You Don't Need Four Specialists

A yoga mat and blanket laid out on a wooden platform in front of an altar with candles, a framed photo, carved figures, and hand-decorated prayer flags, in a sunlit room with snow visible outside the windows.

One of the statements that I often say before savasana, near the end of a yoga class, is: “we’ve done meditation, breathing, postures, and now it’s time for relaxation.” I’ve said a similar version of that sentence for years, and it’s a reference not just to science, but also to four of the eight limbs of yoga:

  1. Yamas: social ethics
  2. Niyamas: personal observances
  3. Asana: yoga postures
  4. Pranayama: yogic breathing
  5. Pratyahara: sense withdrawal
  6. Dharana: concentration
  7. Dhyana: meditation
  8. Samadhi: absorption

People often encounter individual aspects of a yoga class that get renamed by specialists in other disciplines. A therapist might teach you mindfulness: dharana, concentration, renamed as Mindfulness-Based Stress Reduction (MBSR). A career coach might teach you a breathing technique before a big presentation: pranayama, but without the Sanskrit. A sleep app might walk you through something called iRest or Non-Sleep Deep Rest (NSDR): pratyahara, the withdrawal of the senses, repackaged for your phone. A physical therapist might give you three moves for your hips and call it “functional movement”: asana, the most well-known limb of yoga.

I am glad that people get access to these practices in a way that feels comfortable and safe. A therapist’s mindfulness training can help with stress. A sleep app’s NSDR session can improve sleep. I’d rather people have these tools than not. But each one is just a single limb, working alone, doing what it can without the other seven.

In a yoga class we don’t do just one limb, we aspire to do all eight.

The limbs of yoga are connected to modern yoga research, and Sat Bir Khalsa’s logic model is the most helpful visualization I’ve found for the physical practices:

a diagram showing the Khalsa logic model of yoga

This model highlights the pieces of a modern yoga practice: postures, breathing, meditation, and relaxation. These feed into more generalized benefits, including improved cognitive and emotional functioning, less pain, and better sleep. Khalsa’s model traces how the whole practice engages these mechanisms together, something a single isolated technique doesn’t attempt to do.
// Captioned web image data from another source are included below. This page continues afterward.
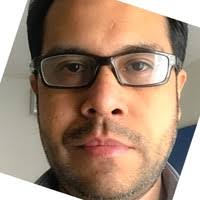 60+ "Fredi Sanchez" profiles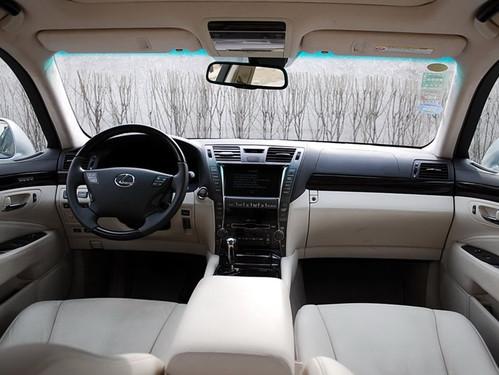 賣(mài)得好更用得好 10家售后最好車(chē)企產(chǎn)品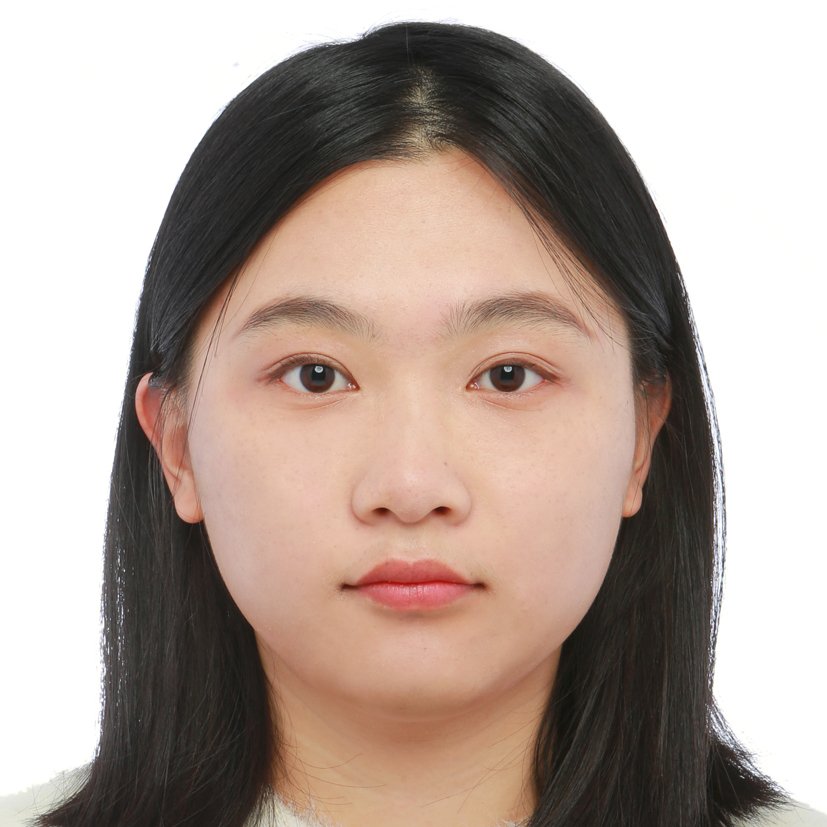 吴教员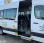 Autobus Mercedes Sprinter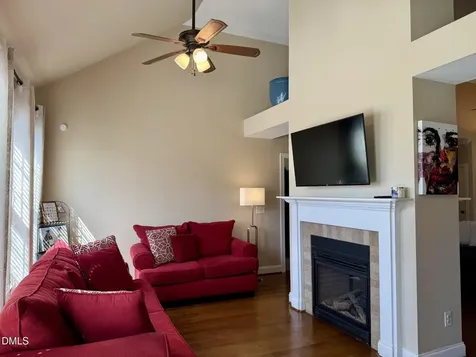3004 Walbrook Terrace Browns Summit NC 27214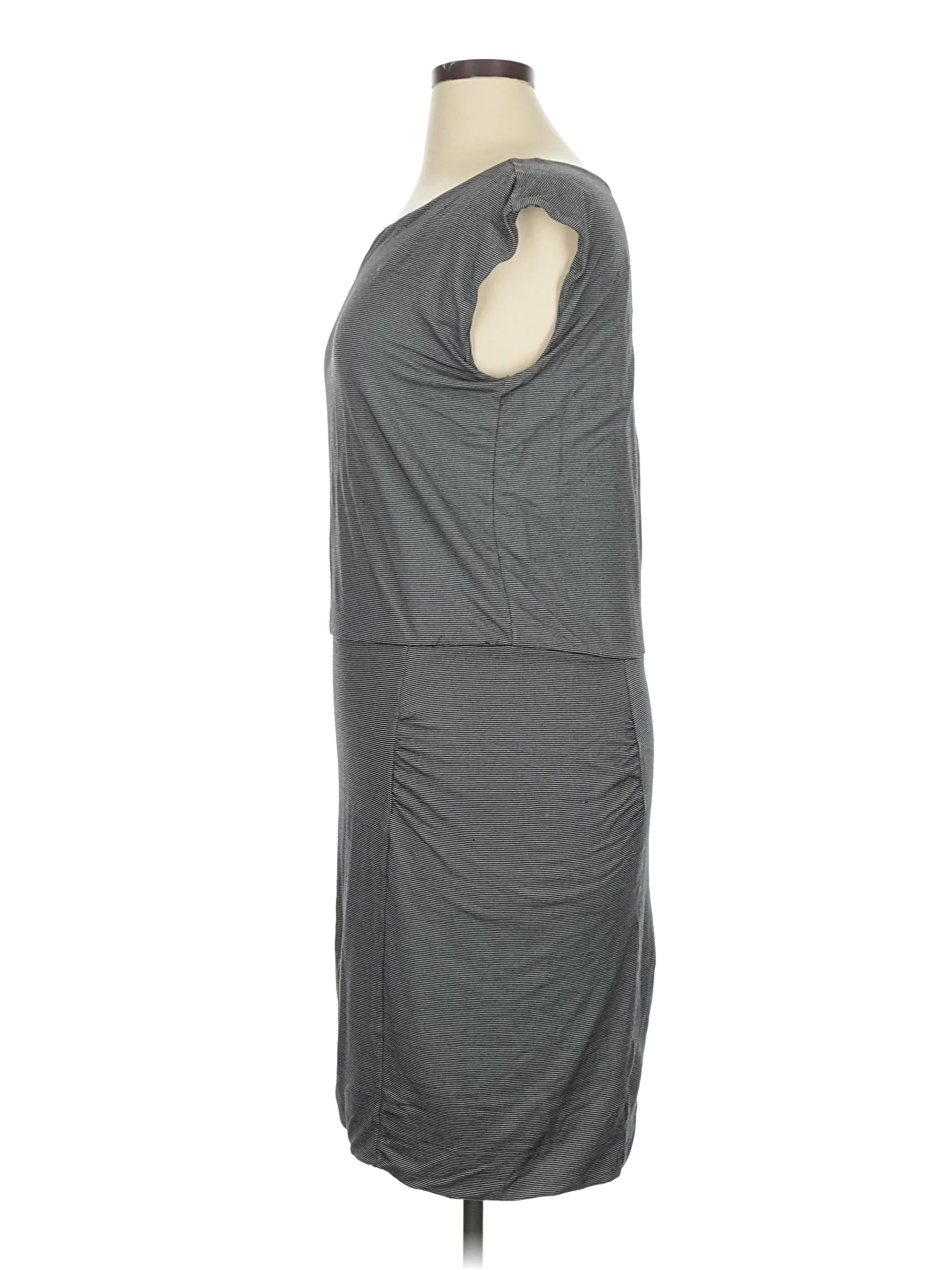 Casual Dress - Image 4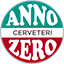 LISTA CIVICA - ANNO ZERO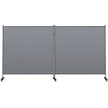 VEVOR Office Partition 142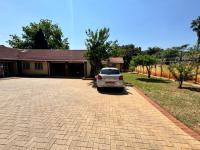  of property in Bedfordview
That’s the science case for yoga. It’s a good case, but it only covers four limbs. The eight-limb path starts with yama and niyama, the ethical base of yoga, and it ends with samadhi, a settled wholeness that arises when the other limbs work together. Yoga ethics don’t usually feature on a sleep app or a therapist’s recommendations. I’ve written before about why that ethical piece deserves more attention than it usually gets, and I still think that’s true. A practice consisting only of breathing and postures is missing its foundation and its horizon. All of these limbs can help support a life of ease.

So whether you are on your mat or off it, and someone offers you a wellness technique, such as a breathing technique, a sleep protocol, a mindfulness practice, or something else that feels familiar, notice if it’s one of yoga’s limbs. Then consider how the other seven might support you. You don’t need four specialists and four appointments. One practice, outlined long ago by Patanjali, already does this.